While you’re worrying about how you’ll pay next summer’s travel ball expenses or concerned that someone else’s player is getting recruited and your player is not, take a minute or two to step outside yourself. Try to identify the things to be thankful for as 2015 winds down. Be glad your daughter is healthy enough to play sports.  Be glad she understands the importance of a college education and that she works hard to keep her grades up. Say thanks to all the people who have helped her get where she is today-coaches, teachers, mentors, friends…not to mention the family!

When you start thinking about New Year’s resolutions in December, assess your priorities.  Make sure your daughter's health and welfare and happiness-both short and long term-are at the top of your list. Put getting a college education ahead of finding a big name team to recruit her. Look down the road and consider what a positive college experience and a university degree will mean to her when she’s 25 and 35 and 45!  (It wouldn’t hurt to think about what it might mean to you in the event you need your children to support you in your old age!)

Here’s another good resolution. Develop a softball budget…and stick to it!  Weigh the cost of two tournament tee shirts against the price of my book.  Pack a healthy lunch instead of buying reheated, high fat, concession stand hot dogs.  At a tournament, stay at a lower priced hotel even if it means you can’t hang out with the other parents every night (rehashing every pitch and swing and play of the day).  And don’t buy that $350 bat just because it’s pretty or because you believe it will make your player a hitter.  Put that money away for her education-or at the very least-for visits to colleges.  Spend wisely, and it will pay off down the road. Finally, resolve to put your creative energy into a well-run college search, and that will pay off too!


One of the unfortunate realities that cannot be ignored when it comes to recruiting is the fact that there will always be way, way more players who think they want to compete in college than there will ever be spaces available on teams. If you are from the West Coast, this is particularly true.  In the old days, (ten to twenty years ago), just being from California or Arizona was enough to get coaches at Div. I schools to take a second look.

That has all changed. Not only are top players to be found all over the United States now, but many college coaches look first within their regions for strong prospects.  They know it may be easier to develop loyalties and then recruit (and keep) students who are within driving distance of their schools.

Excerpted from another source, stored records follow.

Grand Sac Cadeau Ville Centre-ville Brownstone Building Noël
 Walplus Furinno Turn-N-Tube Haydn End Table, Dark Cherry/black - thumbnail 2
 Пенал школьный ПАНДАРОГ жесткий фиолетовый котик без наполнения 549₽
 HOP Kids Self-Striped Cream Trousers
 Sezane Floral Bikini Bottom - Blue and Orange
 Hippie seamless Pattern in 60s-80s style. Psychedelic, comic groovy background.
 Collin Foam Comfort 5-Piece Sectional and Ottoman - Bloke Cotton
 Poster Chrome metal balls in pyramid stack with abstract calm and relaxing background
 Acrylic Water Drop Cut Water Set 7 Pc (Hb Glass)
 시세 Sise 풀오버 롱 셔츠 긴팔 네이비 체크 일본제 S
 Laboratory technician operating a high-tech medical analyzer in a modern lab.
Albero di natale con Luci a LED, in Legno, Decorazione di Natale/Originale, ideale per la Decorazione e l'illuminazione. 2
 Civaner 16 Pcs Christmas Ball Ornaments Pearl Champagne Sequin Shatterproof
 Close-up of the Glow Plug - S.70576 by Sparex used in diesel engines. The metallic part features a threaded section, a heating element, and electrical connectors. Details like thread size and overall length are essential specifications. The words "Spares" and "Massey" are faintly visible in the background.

If you live on the West Coast,  you need to be prepared to either leave your home state for college or to look at a wider variety of colleges, including those that field Div. II, Div. III and NAIA teams. And you may even find that you have to work a little harder to convince coaches at Midwest and East Coast programs that you are serious about playing for them.

Another possibly unpleasant fact of life is that if you are from the west and you want to stay close to home, it may cost your family more. There are a limited number of Div. II and NAIA colleges in the region, and most don't have large scholarship endowments. And of course, Div. III coaches have no athletic money to offer. So the likelihood is that you may have to fund your education---and your softball---in ways other than athletic scholarships.

I'm not trying to discourage would-be West Coast college players, but I do encourage you to look outside your area when it comes to researching and pursuing your future college home!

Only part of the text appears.